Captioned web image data
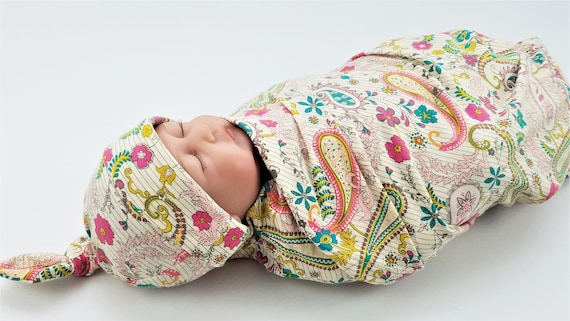 Paisley Baby Swaddle Set - Swaddling Blanket & Knot Hat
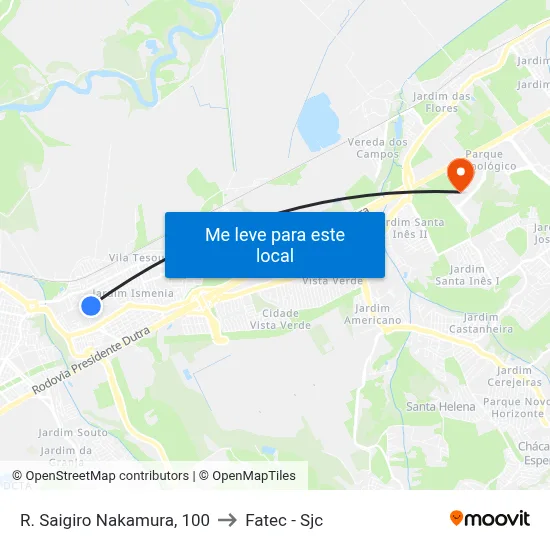 R. Saigiro Nakamura, 100 to Fatec - Sjc map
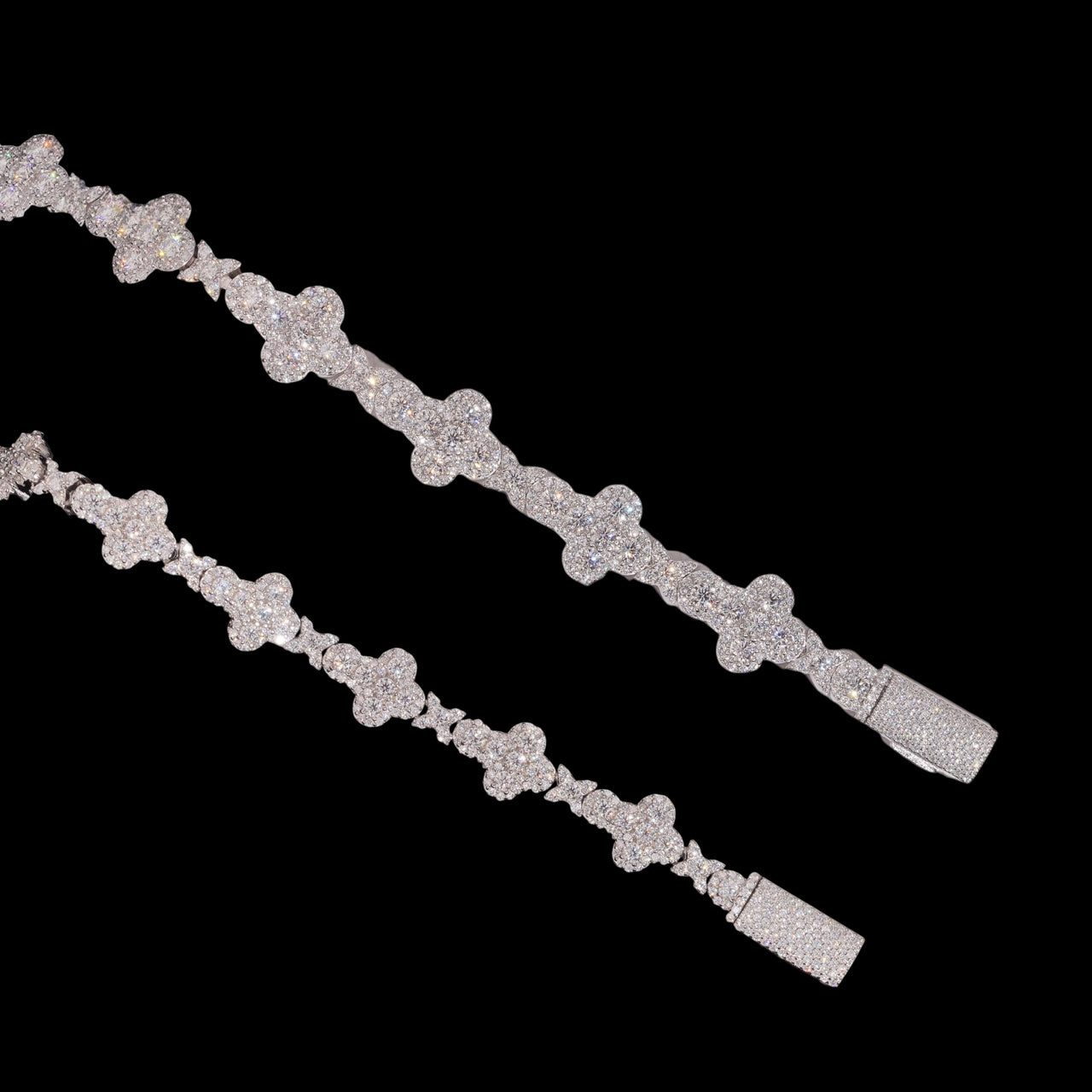 Pulsera de diamantes de laboratorio Cross Link – Oro de 14k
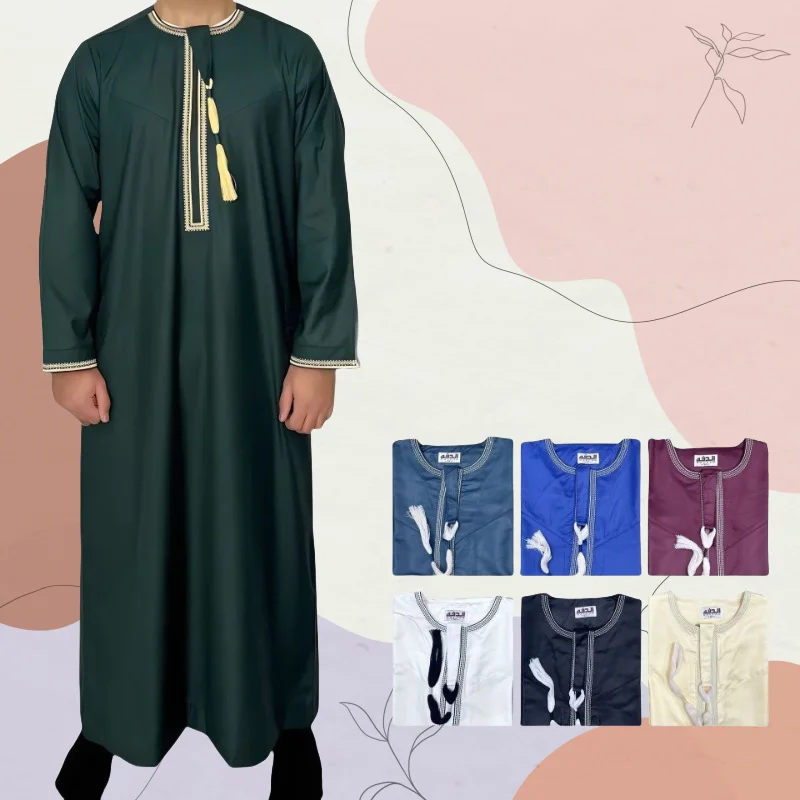 

New Solid Color Round Neck Embroidered Thick-sized Omani Robe Arab Saudi Men's Long-sleeved Robe Costumes Accessories
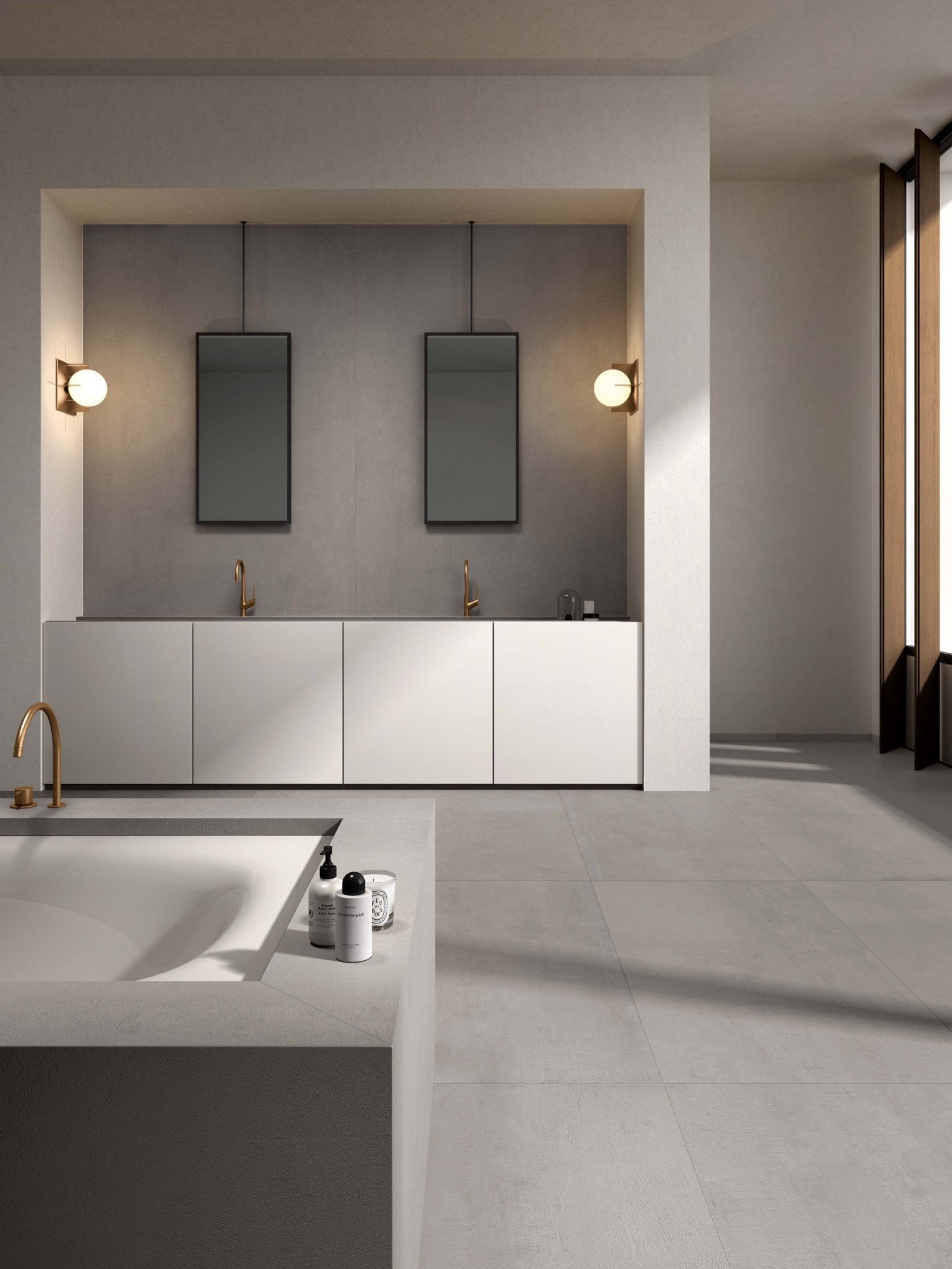 Baie spațioasă în tonuri de beton | Inspirație Baie Modern
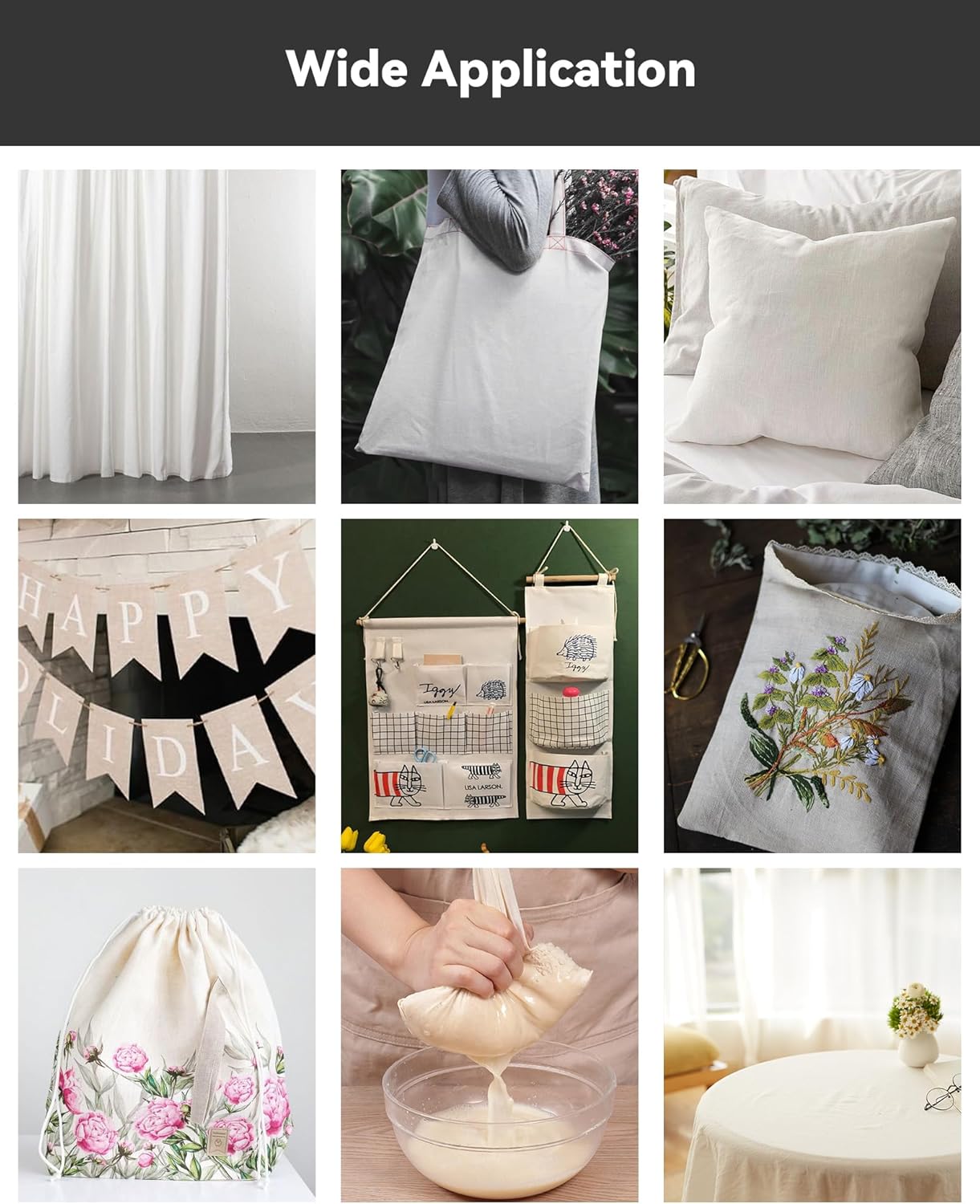 HOTGODEN Medium Weight 100% Cotton Muslin Fabric: 59 inch x 5 Yards Bleached Muslin Linen Fabric Material for Sewing Material Apparel Cloth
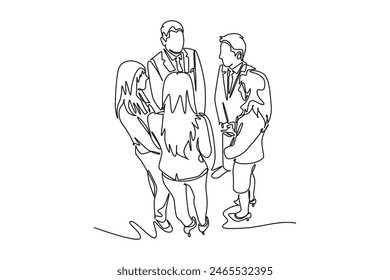 Gathering employees Concept. Single line draw design vector graphic illustration.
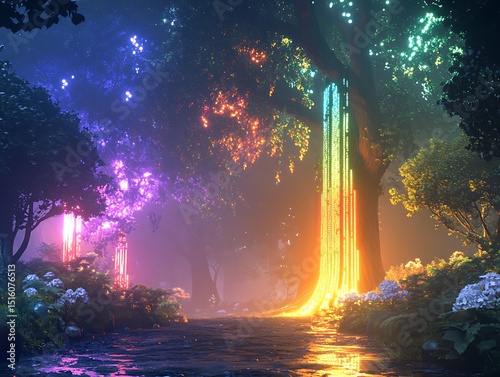 Enchanted luminescence: A mystical forest bathed in spectral aurora display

What you are asked to do
What is wanted is a verbatim transcription of every record above, pictures excluded.

Answer to this task
 Paisley Baby Swaddle Set - Swaddling Blanket & Knot Hat
 R. Saigiro Nakamura, 100 to Fatec - Sjc map
 Pulsera de diamantes de laboratorio Cross Link – Oro de 14k

New Solid Color Round Neck Embroidered Thick-sized Omani Robe Arab Saudi Men's Long-sleeved Robe Costumes Accessories
 Baie spațioasă în tonuri de beton | Inspirație Baie Modern
 HOTGODEN Medium Weight 100% Cotton Muslin Fabric: 59 inch x 5 Yards Bleached Muslin Linen Fabric Material for Sewing Material Apparel Cloth
 Gathering employees Concept. Single line draw design vector graphic illustration.
 Enchanted luminescence: A mystical forest bathed in spectral aurora display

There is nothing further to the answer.